DATA SEGMENT:
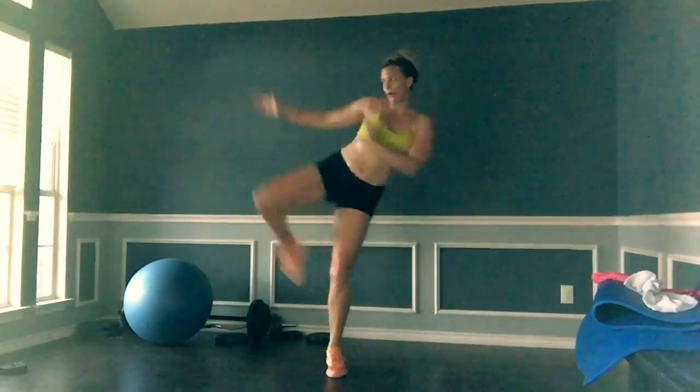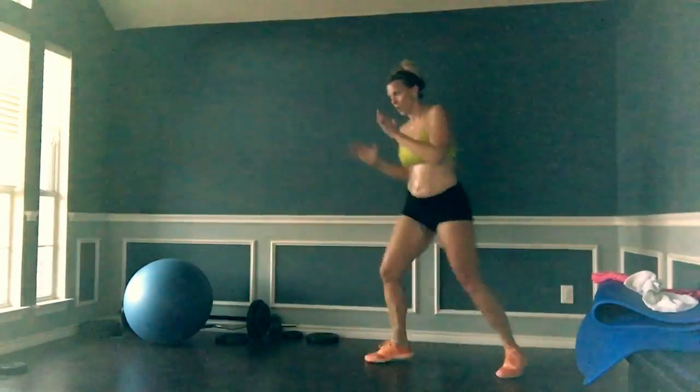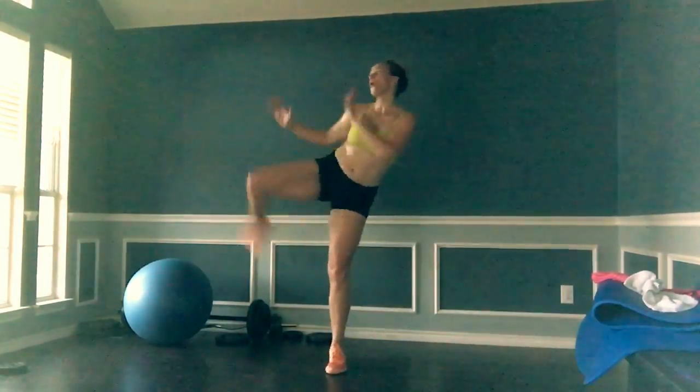You got to pick up. Here we go. Here we go, guys. And three.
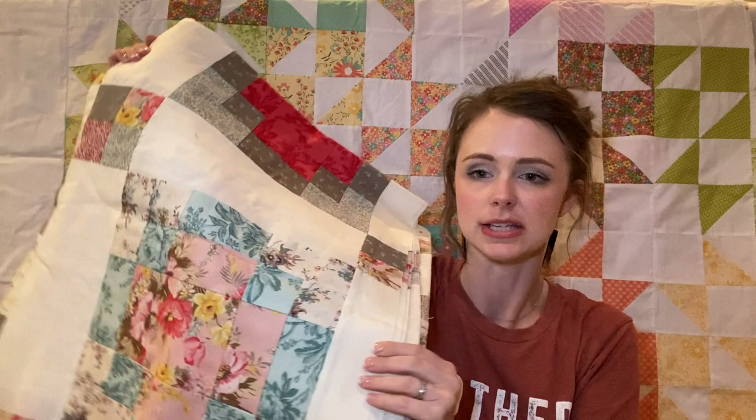I also have quilts that need to get on the loom and get done. One of them I don't even remember the name of the fabric — I started piecing it back in 2017 or 2018. It has a lot of half-square triangles and a really fun scrappy color gradient happening. It's a pretty large quilt and I do want to get this on the loom and get it quilted.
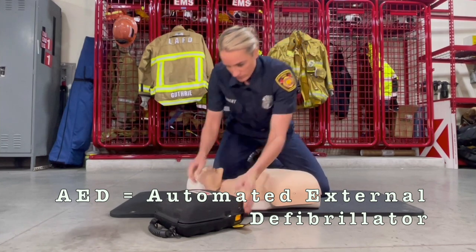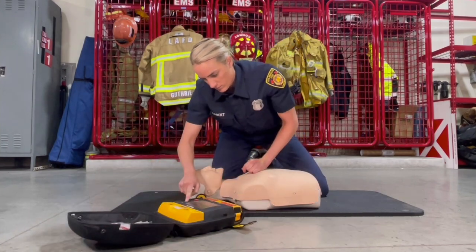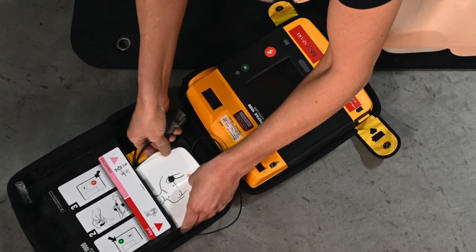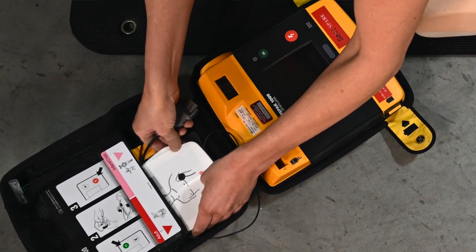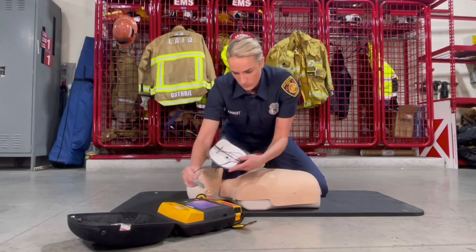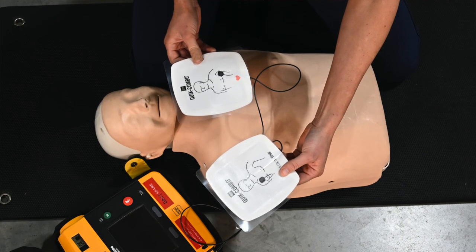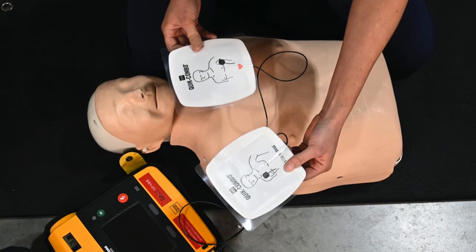As soon as the AED is available, turn it on and follow the prompts. Place the pads like the pictures show.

GOAL OF THE EXERCISE: Reproduce word for word only the lines between the line containing "I also have" and the end of the listing above, both included, and drop any pictures.

SOLUTION BELOW:
I also have quilts that need to get on the loom and get done. One of them I don't even remember the name of the fabric — I started piecing it back in 2017 or 2018. It has a lot of half-square triangles and a really fun scrappy color gradient happening. It's a pretty large quilt and I do want to get this on the loom and get it quilted.
As soon as the AED is available, turn it on and follow the prompts. Place the pads like the pictures show.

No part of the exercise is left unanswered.